In Virginia, the state college system has used only 75 percent of the scholarships the legislature funded to recruit black students to local universities. In Florida, despite a commitment the state made to the federal government to increase the rate of blacks entering its colleges, the number of black students has dropped.

And after almost 12 years of legal struggle to prod the federal government to eradicate racial discrimination in southern schools and colleges, lawyers for the NAACP Legal Defense Fund are back in court.

They accuse several states of backsliding, blame the government for failing to enforce their plans to end segregation and have asked the judge to force compliance.

The suit, originally Adams vs. Richardson and several administrations later now Adams vs. Bell, has become a case study on how a lawsuit can drive the federal government. It was filed in the fall of 1970, when civil rights groups felt the Nixon administration was ignoring racial discrimination in southern schools and colleges.

NAACP lawyers have returned to court periodically to keep the pressure on.

The latest brief charges that the government has ignored standards it developed, under court order, to measure the influx of blacks in the affected states' college systems.

The dispute centers on whether the standards, called "criteria," are flexible guidelines, as the government has claimed, or are requirements mandated by the court order, as the NAACP contends.

U.S. District Court Judge John H. Pratt, who has overseen the case since the beginning, first ruled a decade ago that the federal government had to negotiate settlements with 10 states or, failing that, coerce compliance.

The Department of Health, Education and Welfare negotiated agreements in 1974 with Arkansas, Florida, Georgia, Maryland, North Carolina, Oklahoma, Pennsylvania and Virginia.

After negotiations failed with Louisiana and Mississippi, HEW referred those cases to the Justice Department, which filed suit. The Reagan administration reached a settlement with Louisiana last year and is in negotiations now with Mississippi.

In 1975, the NAACP defense fund lawyers told Pratt, as they have just done again, that the negotiated plans were not satisfactory.

The next year he ordered several plans revoked and told HEW to come up with some "criteria" to measure progress.

The government approved several state plans again after the criteria set goals in such as erasing disparities between white and black enrollments, increasing black graduation rates and boosting the numbers of black staff and faculty members.

A few weeks ago, the NAACP lawyers went back to Pratt, arguing the state efforts still are not enough. The Reagan administration, they told the judge, is ignoring the problem.

State officials respond that the criteria were not fair in the first place. It is hard to measure progress, they say, because students cannot be forced to attend state colleges.
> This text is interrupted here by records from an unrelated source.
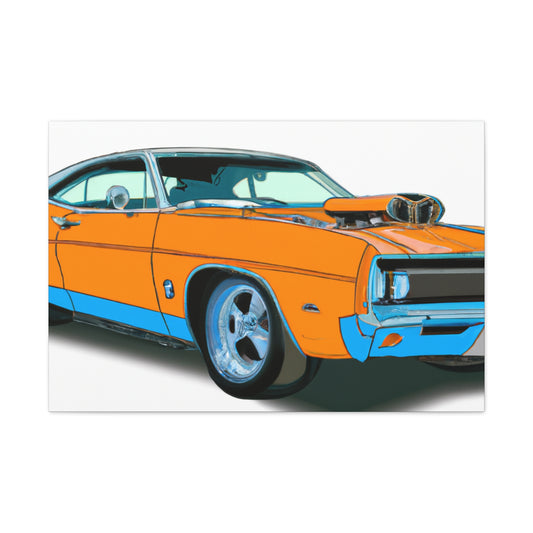 Retro-Fury - Automobile - Canvas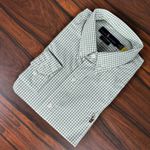 Camisa Manga Longa PRL Xadrez Cinza. 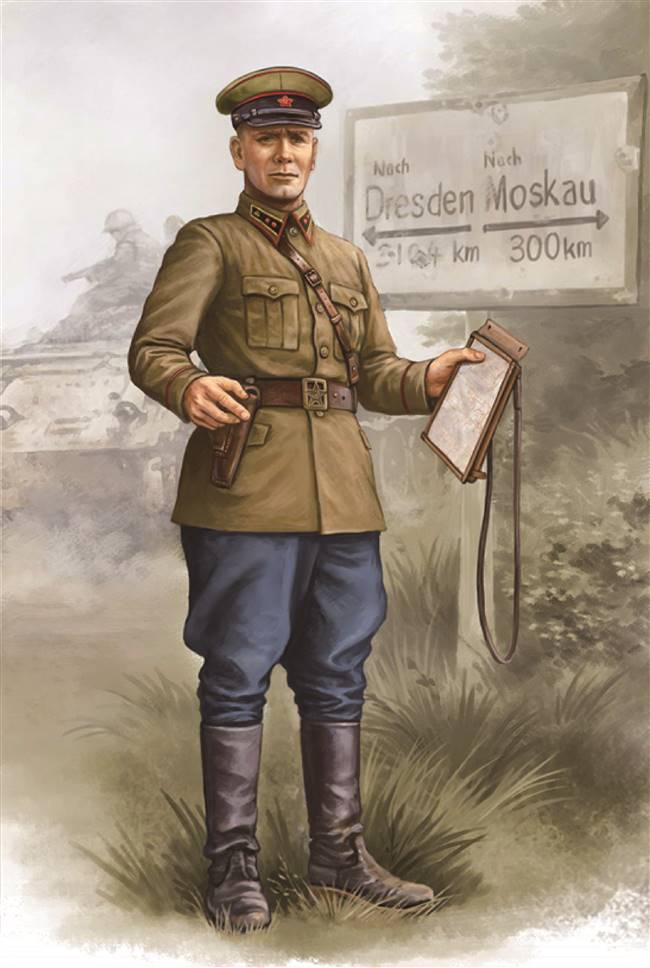 700703 1/16 WWII Soviet Officer Vol.1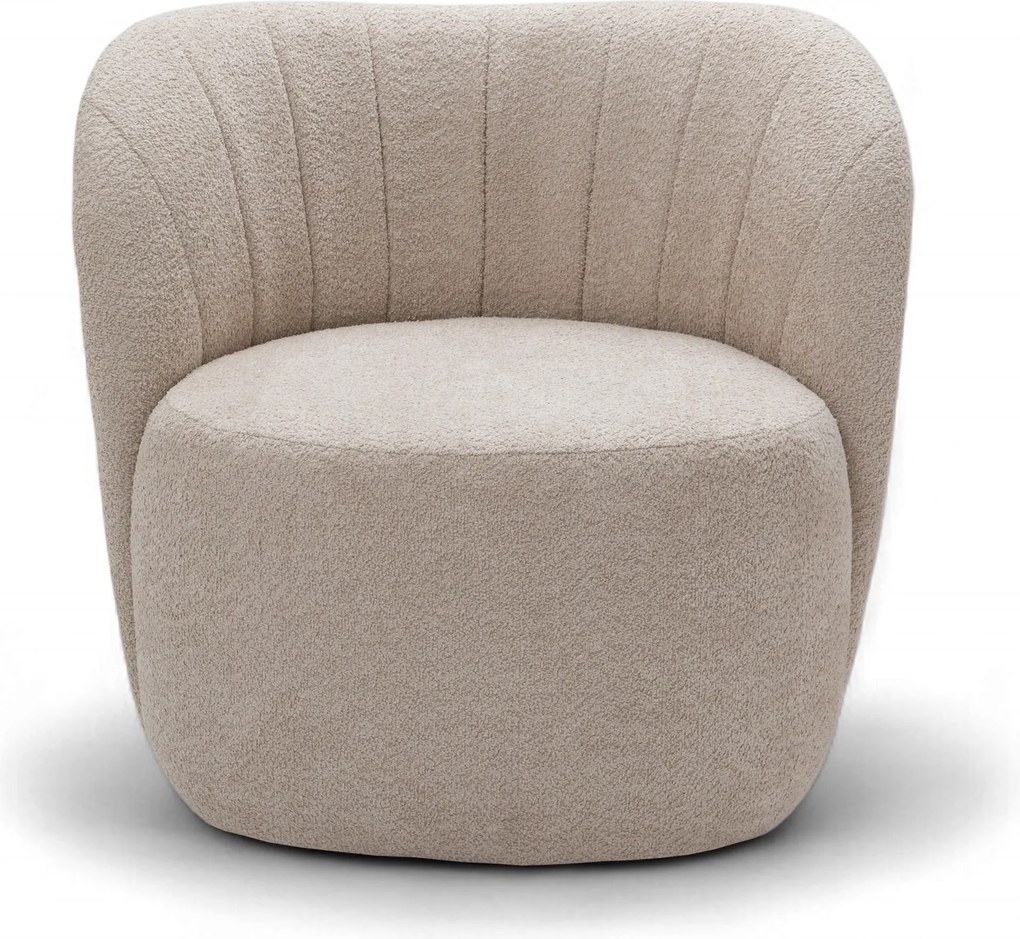 Soya relax fotel - bézs bouclé Catch Me 02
They are not assigned, as they are to high schools.

Jean Fairfax of the NAACP defense fund's New York office, counters that it is up to the state systems to remedy past abuses by recruitment, whatever the difficulties.

Barry Dorsey, associate director of Virginia's commission on higher education, acknowledged that the state has awarded only 1,522 of some 2,000 scholarships the legislature authorized.

But he said it is getting harder to recruit from a dwindling pool of college-age youngsters. And he added, "The state gets no credit for the students who go out of state or to private schools."

The numbers of blacks entering and staying in the state's college system compare poorly to those of whites, Dorsey said, because black students often are not encouraged to take college preparatory courses in high school.

The state is working on the problem, he said, by emphasizing the importance of such courses to black parents and high school counselors.

In another example cited in the defense fund brief, black enrollment in the Florida state college system has dropped in the past few years. There also was a 27 percent drop in black graduate students between 1977 and 1980.

And Fairfax noted that Miami-Dade Junior College lost 43 percent of its black enrollment in the same span, apparently because of increased admission standards.

Leaders of the traditionally black colleges view the dispute over the "criteria" with mixed emotions. They like the plans to pour more money into their schools, but shy from attempts fully to integrate them, saying too many white students would harm the character of the institutions.

The court filing notes, for example, that the numbers of white students at Virginia State University and Norfolk State College have dropped in the past few years, despite state promises to increase them.

Samuel Myers, executive director of the National Association for Equal Opportunity in Higher Education, a black college umbrella group, said his group approves of the increased funding for black schools the Reagan administration emphasized in settling the North Carolina college desegregation case last summer.

But he added that the figures showing declines in black enrollments in other states is discouraging. "We're sympathetic in challenging that," Myers said.